Que les politiques fassent leur travail
Pour faire face à cette dérive technicienne (cf. Jacques Ellul) il est nécessaire que des repères éthiques permettent de construire un cadre, un encadrement de tous ces logiciels qui arrivent en éducation. On s’étonne d’ailleurs que le « Comité d’éthique pour les données en éducation » n’ait pas été y voir de plus près. On parle souvent des données, mais très peu des traitements qui sont justement au coeur des mécanismes qui sous-tendent l’IA. Car il s’agit ici d’un traitement de données qui vise à influer sur le comportement des enfants. Or, s’il est nécessaire de surveiller de près les « données » qu’utilise l’éducation, il est au moins aussi important de se pencher sur les algorithmes sous-jacents au traitement des données captées par la machine. Bien sûr, ces données sont captées automatiquement au travers des actions de l’élève, il peut ne pas le savoir… On s’aperçoit rapidement qu’il faut absolument que la base de ce cadre éthique soit fondée sur la transparence qui doit permettre le fameux « consentement éclairé », si souvent appelé des voeux de certains politiques….

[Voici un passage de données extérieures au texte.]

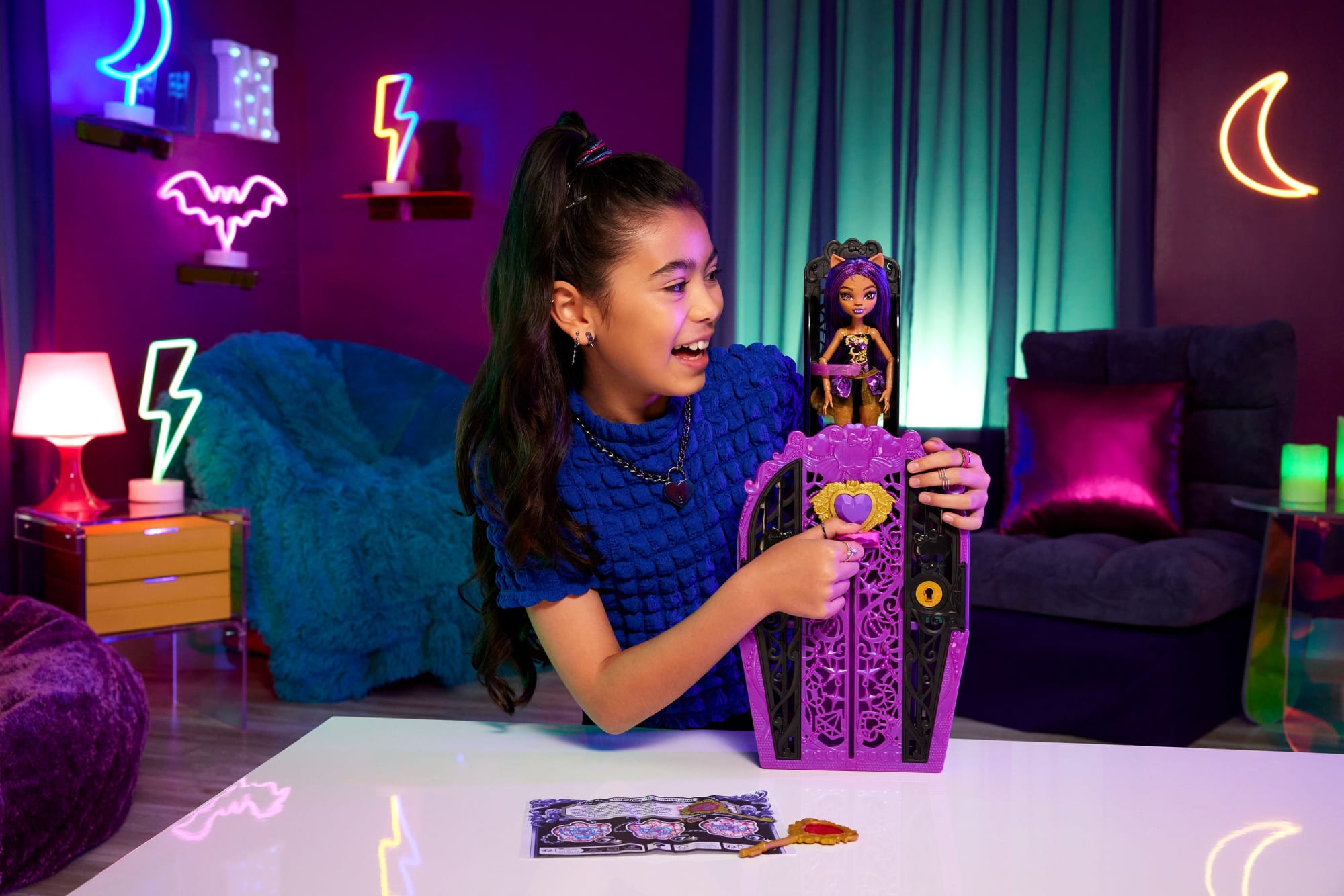 Monster High Skulltimate Secrets Monster Mysteries Playset, Clawdeen Wolf Doll With 19+ Surprises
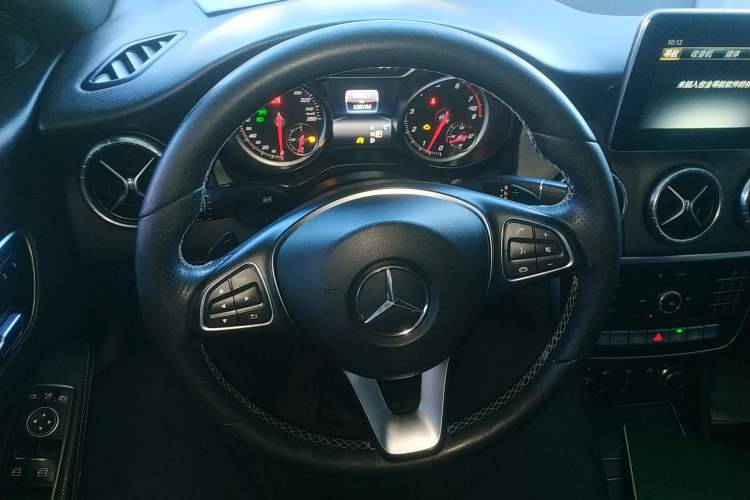 Used Mercedes-Benz CLA 2016 Facelifted CLA 200 Stylish Edition
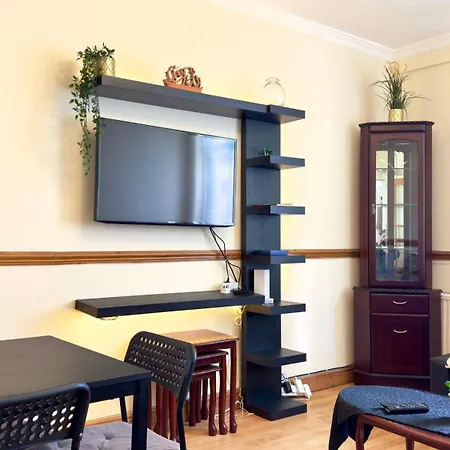 The Queens Palace 1 Bedroom By Wild Apartment London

On pourra relire ce livre « Construire le nouveau modèle éducatif du 21e siècle : Les promesses de la digitalisation et les nouveaux modes d’apprentissage » pour trouver des illustrations concrètes… (F.X. et C. Hussher, FYP, 2017). On peut aussi aller voir les applications présentées dans l’article du Monde, ou encore essayer d’utiliser des produits comme le projet Voltaire ou encore Lalilo pour essayer de comprendre comment l’adaptive learning est en train de devenir un soubassement ordinaire des logiciels éducatifs et des ressources éditoriales numériques. Aller sur le site de l’entreprise EvidenceB vous proposera de découvrir « des parcours d’apprentissage ou de remédiation adaptatifs. ». Les exemples se multiplient dans ce domaine, aussi est-il temps de réfléchir à cette dérive mécaniste qui, si nous ne sommes pas vigilants, peut nous faire aller lentement mais surement vers une déshumanisation du processus éducatif. Nous appelons donc ces entreprises et les chercheurs associés à faire preuve de la plus grande transparence en permettant à chacun de comprendre les modèles et les intentions sous-jacents. Nous appelons les politiques à faire simplement « leur travail ».